Por imposible que le parezca a la ciencia explicar la naturaleza de la vida orgánica ni aun exponer una hipótesis razonable sobre ella, no hay tal imposibilidad para los adeptos y clarividentes, ni siquiera para quien, sin haber llegado a las alturas desde donde se contempla el universo visible reflejado como en límpido espejo en el invisible, tiene no obstante la divina fe arraigada en su íntimo sentido que le da el infalible convencimiento que no es capaz de darle la razón fría; porque entre las contradicciones de los falaces dogmas inventados por el hombre y la mutua repulsión de los sofismas teológicos con que cada credo rebate los argumentos del contrario, surge prevaleciente y triunfante la única verdad común a todas las religiones: Dios y el espíritu inmortal.
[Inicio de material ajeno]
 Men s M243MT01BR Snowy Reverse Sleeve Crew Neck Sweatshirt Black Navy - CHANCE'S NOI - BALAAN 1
Por otra parte, también los irracionales alcanzan a percibir algo de lo que en la especie humana está reservado a los clarividentes. A este propósito hemos realizado numerosos experimentos con gatos, perros, monos y cierta vez con un tigre domesticado, cuyas circunstancias no será ocioso referir. Un caballero indo, que residía por entonces en Dindigul y hoy en apartado lugar de las montañas del Ghaut occidental, hipnotizó intensamente un espejo mágico de figura redonda y luna relucientemente negra, y lo puso frente a la vista de un tigre que desde muy cachorro tenía domesticado y era tan sumiso y manso como un perro, hasta el punto de que los chiquillos le importunaban tirándole de las orejas sin más consecuencia que un quejumbroso gruñido. Pero al ponerle el espejo delante clavaba la vista en él como fascinado magnéticamente y daba frenéticos aullidos mientras en sus ojos se reflejaba el mismo terror que pudiera mover a un hombre, hasta dejarse caer por fin en el suelo presa de convulsivo terror, como si viese algo invisible para el ojo humano. Al apartar el espejo quedaba el tigre jadeante y caía en un estado de postración del que se recobraba pasadas dos horas. ¿Qué veía el tigre? ¿Qué fantástica visión del invisible mundo animal aterrorizaba a un bruto de índole naturalmente tan fiera? Quizás sólo pueda responder quien operó el fenómeno.